La DGT confirma que la indemnización por resolución de la compraventa se devenga en el ejercicio en que se dicta la sentencia (no en el de la operación original), tributando en el régimen general del IS (habiendo cesado la condición de sociedad patrimonial a partir de 2007). Los gastos de la operación fallida son deducibles como correcciones negativas en la determinación de la base imponible del ejercicio en que se produce la resolución. La imputación temporal de la renta se rige por el principio de devengo contable-fiscal, siendo procedente solicitar devolución/compensación del IS pagado en exceso en el ejercicio de la operación original, mediante la correspondiente declaración complementaria o mecanismos de compensación.
Hechos
La entidad consultante firmó el 27 de septiembre de 2004 un contrato de opción de compraventa sobre unos terrenos que eran de su propiedad, a favor de tres sociedades promotoras, opción que debía ser ejercitada no más tarde del 27 de septiembre de 2007. En el contrato se estipulaba que si transcurrido el plazo de 3 años el optante no hubiera hecho uso de la opción, ésta quedaría extinguida y el precio de la misma en poder de la parte concedente de la opción, y para el supuesto de que la optante ejercitara la opción en tiempo y forma, la prima formaría parte del precio de la compraventa.

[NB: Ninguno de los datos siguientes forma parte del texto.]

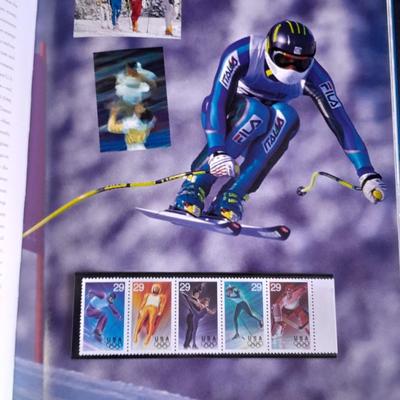 USPS 1994 Commemorative Stamp Collection Unmounted Stamp collection with Book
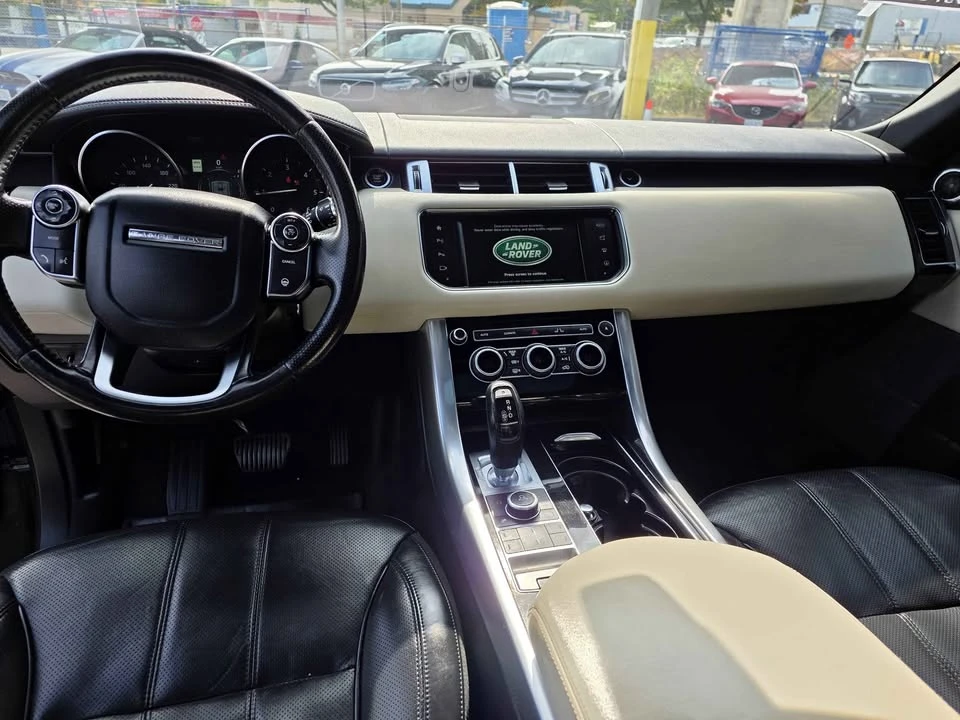 2016 Land Rover Range Rover L405 - Image 13 of 20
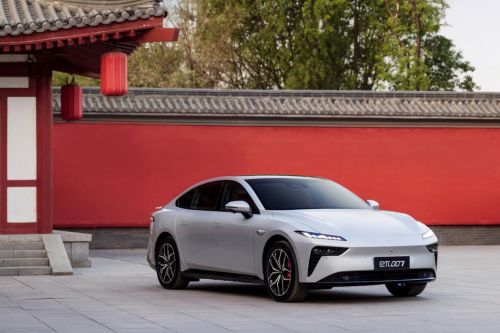 年轻人挑新能源轿车别错过东风奕派eπ007 15万级能拿下理想座驾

El 26 de septiembre de 2007 los optantes ejercieron su derecho de opción y se formalizó la correspondiente escritura de compraventa, en la que se acordó la forma de pago, que comprendía tres pagos anuales desde la escritura de opción de compra, ya cobrados, un pago con la escritura de compraventa, también cobrado, y un último pago aplazado un año.
Habiendo llegado la fecha de pago de este último plazo, 27 de septiembre de 2008, sin que la parte compradora haya atendido el mismo, la entidad consultante, de conformidad con las estipulaciones de la escritura de compraventa, pedirá la resolución de la compraventa, quedándose con el 50% de lo cobrado.
En caso de resolución de la compraventa, resulta que la entidad había concedido un derecho de opción de compraventa por el que cobró un importe (la suma de los tres primeros pagos comentados), el cual, de acuerdo con la estipulación de la escritura de concesión del derecho de opción, "para el supuesto de que la optante ejercite la opción en tiempo y forma la prima formará parte del precio de la compraventa". Es decir, dicha cantidad corresponde a una prestación de servicio realizada y cobrada, que sólo en el supuesto de formalización de la compraventa se consideraría precio de la misma.
La entidad consultante, desde 2004 ha sido sociedad patrimonial, por lo que tributó al 15% por la ganancia patrimonial obtenida por la compraventa. Su ejercicio económico es del 1 de diciembre al 30 de noviembre, por lo que en 2007 todavía tributaba como patrimonial.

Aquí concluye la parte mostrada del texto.